Gospel Thrillers: Conspiracy, Fiction, and the Vulnerable Bible

(2010) Leslie Winfield Williams, The Judas Conspiracy (JoSara MeDia)


Leslie Winfield Williams has a background in English literature (a Master's and a PhD) and theology (with a Master of Sacred Arts from Yale, where she has also held fellowships). She's the author of several books on spirituality, two novels (including The Judas Conspiracy), and most recently a short book about Thomas Cranmer. 

This novel is set in New Haven, where Williams has spent time. Indeed, much of the drama takes place at or near Yale Divinity School: one of the murder victims in the story is the fictional Dean of YDS, Andrew Guilford, who has discovered the mysterious gospel among his family possessions. Dean Guilford's wife (and host of a local cooking show) is also a murder victim. 
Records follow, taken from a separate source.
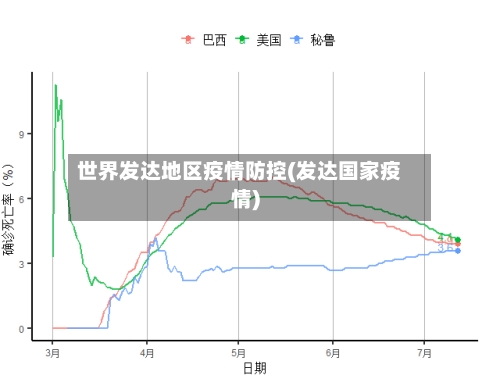 世界发达地区疫情防控(发达国家疫情)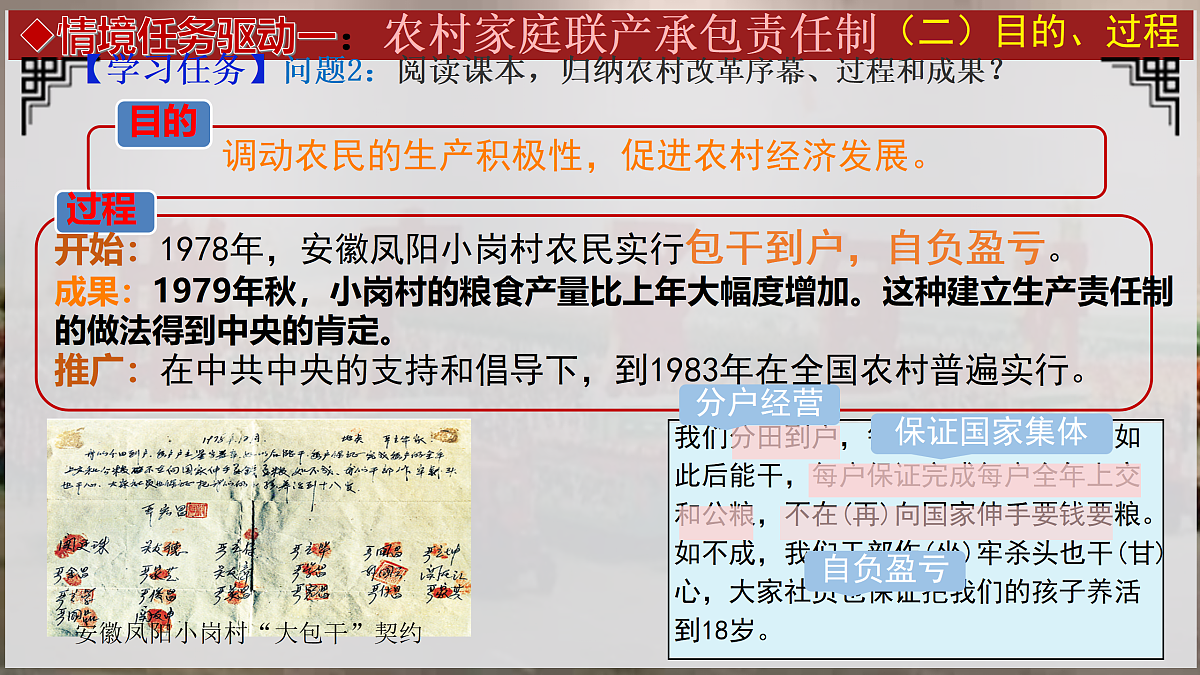 18171232第6页
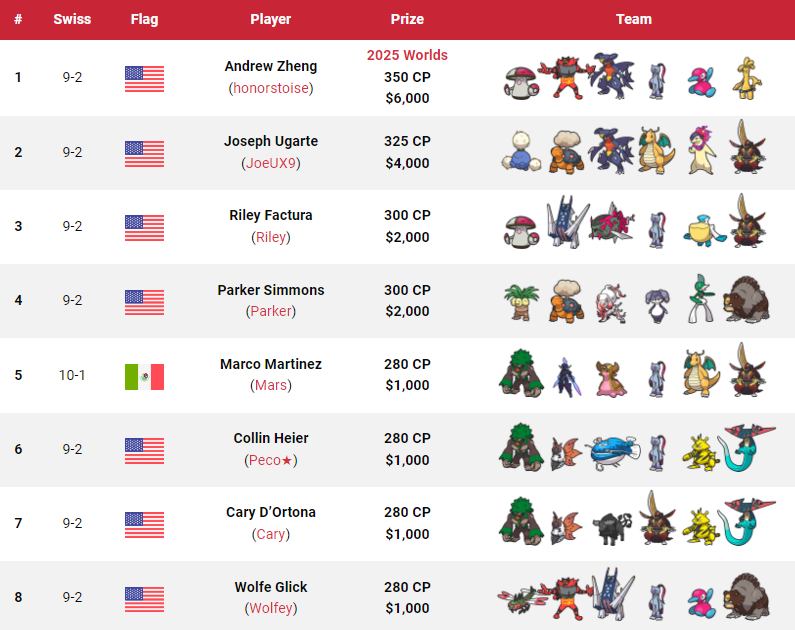 Victory Road VGC (@vgcvictoryroad) on Twitter photo These are the top 128 teams from the 2025 Louisville Regional! 🇺🇸🏆
🇺🇸 Louisville, KY, United States
🗓️ 12–13 October 2024
🎮 VGC Regulation Set H
📄 8+3 Swiss rounds + X-2 top cut
👥 753 players
🏆 Won by 🇺🇸 Andrew Zheng (<a href="/honorstoise/">Andrew Zheng</a>)
📖 All info: victoryroadvgc.com/2025-louisvill… These are the top 128 teams from the 2025 Louisville Regional! 🇺🇸🏆
🇺🇸 Louisville, KY, United States
🗓️ 12–13 October 2024
🎮 VGC Regulation Set H
📄 8+3 Swiss rounds + X-2 top cut
👥 753 players
🏆 Won by 🇺🇸 Andrew Zheng (<a href="/honorstoise/">Andrew Zheng</a>)
📖 All info: victoryroadvgc.com/2025-louisvill…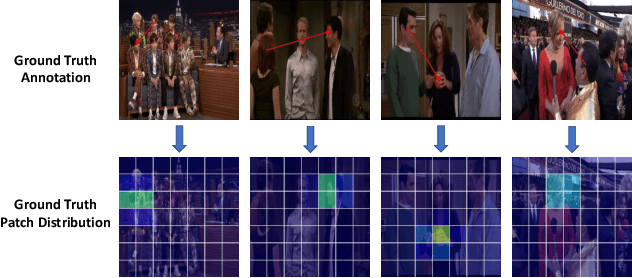 Figure 3 for Patch-level Gaze Distribution Prediction for Gaze Following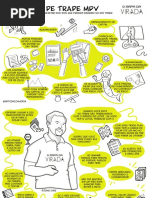 Mapa da Virada - Day Trade - Episódio 2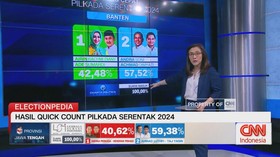 VIDEO: Hasil Hitung Cepat Capai 100%, Ini Hasil Wilayah Banten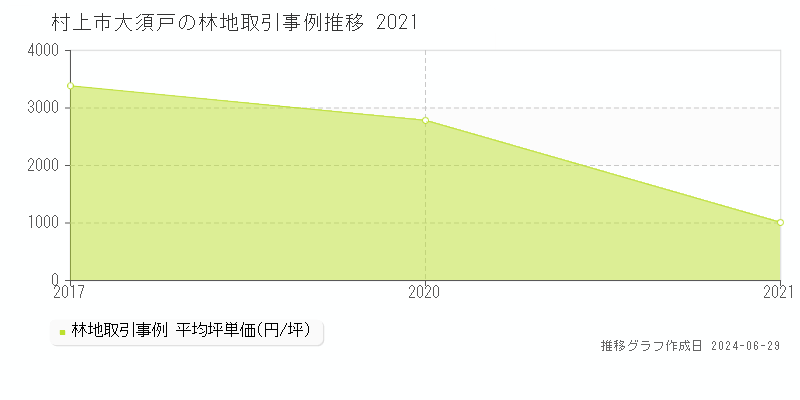 村上市大須戸の林地取引事例推移グラフ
Like The Negev ProjectThe Judas Conspiracy takes place largely in academic (and adjacent white collar spaces, especially the law). Even the heroine, Isabella O'Leary, the tough-as-nails New Haven police officer who has just arrested the "Campus Killer," spent a year in Divinity School before personal tragedy sent her into law enforcement. Some of the action and attempted murders even take place at the annual meeting of the American Academy of Religion.

At the center of this high-stakes and murder-filled thriller is a full Greek version of the Gospel of Judas, Coptic fragments of which came to light in 2006 in rather spectacular fashion. Smuggled out of the Holy Land by Crusaders, preserved by English nobility, it has ended up among the papers of the Guilford family. It is sought by a centuries-old, global network of gnostic Christians known as "the Sethian Brotherhood." Wealthy and influential, they possess the resources not only to seize the Gospel of Judas, but to attempt a massive terrorist disruption of mainstream Christianity: blowing up the National Cathedral during Thanksgiving. (The plot is foiled.) The theological content of this "Sethian Brotherhood" does not seem to resonate too closely with what scholars have written about classic "gnostic" Sethians; but perhaps that is to be expected of a covert religious conspiracy (the novel suggests).

Heroes: Isabella O'Leary, a tough New Haven cop with tragic past; Paul St Clair, a biblical scholar at Southern Methodist University and member of the Guilford family
Villians: Various nefarious members of the "Sethian Brotherhood": John McCullough, Grand Patriarch, a wealthy fop in the U.K. who is  direct descendant of Judas; the American Patriarch, revealed to be Malcolm Guildford, who murders his wife and his brother, the Dean of Yale Divinity School; a young Sethian named "Gabriel," revealed to be John "Jeeter" Smythe, Malcolm's godson
Gospel: The authentic authentic full Greek version of the Gospel of Judas; accidentally destroyed in a fire at the end of novel

ReviewsThe Judas Conspiracy has received very little attention, either in print or online. It was reviewed very positively in the San Antonio Express News and the single reviewer each on Goodreads and Amazon enjoyed it thoroughly. The novel also received honorably mention in the "commercial fiction" category from the Eric Hoffer awards, given annually to a variety of books published by self-publishing presses and academic presses.